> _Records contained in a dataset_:
════════════════════

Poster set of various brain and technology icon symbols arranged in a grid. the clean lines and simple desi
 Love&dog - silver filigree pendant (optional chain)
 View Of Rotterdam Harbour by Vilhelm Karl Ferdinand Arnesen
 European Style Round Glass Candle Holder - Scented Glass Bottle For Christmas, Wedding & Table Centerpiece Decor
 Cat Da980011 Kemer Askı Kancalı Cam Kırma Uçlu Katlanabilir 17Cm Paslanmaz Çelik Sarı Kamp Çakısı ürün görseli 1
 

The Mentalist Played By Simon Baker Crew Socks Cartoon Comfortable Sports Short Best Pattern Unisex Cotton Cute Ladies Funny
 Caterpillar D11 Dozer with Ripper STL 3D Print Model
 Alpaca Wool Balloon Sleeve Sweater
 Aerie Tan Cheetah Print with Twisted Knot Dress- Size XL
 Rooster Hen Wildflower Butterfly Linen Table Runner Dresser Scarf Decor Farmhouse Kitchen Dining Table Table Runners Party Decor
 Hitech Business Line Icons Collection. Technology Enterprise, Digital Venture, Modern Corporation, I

════════════════════

> _Directions_:
All lines from the records above should be copied exactly.

> _Task output_:
Poster set of various brain and technology icon symbols arranged in a grid. the clean lines and simple desi
 Love&dog - silver filigree pendant (optional chain)
 View Of Rotterdam Harbour by Vilhelm Karl Ferdinand Arnesen
 European Style Round Glass Candle Holder - Scented Glass Bottle For Christmas, Wedding & Table Centerpiece Decor
 Cat Da980011 Kemer Askı Kancalı Cam Kırma Uçlu Katlanabilir 17Cm Paslanmaz Çelik Sarı Kamp Çakısı ürün görseli 1
 

The Mentalist Played By Simon Baker Crew Socks Cartoon Comfortable Sports Short Best Pattern Unisex Cotton Cute Ladies Funny
 Caterpillar D11 Dozer with Ripper STL 3D Print Model
 Alpaca Wool Balloon Sleeve Sweater
 Aerie Tan Cheetah Print with Twisted Knot Dress- Size XL
 Rooster Hen Wildflower Butterfly Linen Table Runner Dresser Scarf Decor Farmhouse Kitchen Dining Table Table Runners Party Decor
 Hitech Business Line Icons Collection. Technology Enterprise, Digital Venture, Modern Corporation, I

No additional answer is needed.